The first thing that we noticed were the walls and ceilings, that had unique shapes and patterns made by ice all around – some circular, some conical and some completely random yet beautiful.
We then saw the beautiful snow sculptures that have been placed in small nooks and corners and lit in multiple colors. These sculptures ranged from the Matterhorn to local houses and animals. And I understand that these sculptures are also renewed pretty regularly.

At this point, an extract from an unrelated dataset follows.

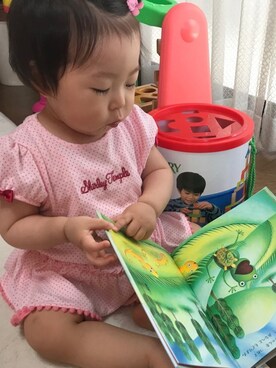 「Shirley Temple（シャーリーテンプル）のアイテム」を使った、kaedeさん（キッズ・100cm）の冬コーディネート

But what really amazed me was the crevasse. A crevasse is a deep vertical or near vertical crack in an ice sheet or glacier formed as a result of movement and resulting stress associated with the shear stress generated when two semi-rigid pieces above a plastic substrate have different rates of movement. These get lethal for people walking on snow, as they become invisible when covered by a snow bridge made of the previous years’ accumulation and snow drifts. We however saw them from the bottom and I was amazed with its height and the sheer drop possible (should someone accidentally fall through one of them). Though adventurers and daredevils can actually return up by walking through a glacier crevasse here, we didn’t attempt any such thing.
I also loved the entire ambience created here with discreet multi colored lighting and soft music that transports you into Ali Baba’s cave with treasures all around you. Tanya also told us that each year the glacier keeps moving and hence they make the passages accordingly. And I felt that this entire Palace has been carefully planned and designed and even provides information about the creation of the glacier palace and glaciology.
Some walls here were also covered by plastic sheets as ice keeps melting due to all the lights and warmth. This in turn reminded me about the threats these glaciers face due to global warming and the care that we need to take to protect the environment from such a disasters. I guess such visits could be made more educational too.
Anyways, overall I felt its a unique experience and a cheat’s way of crossing off “walking on a glacier” from your “Travel To Do” List 😉 What say?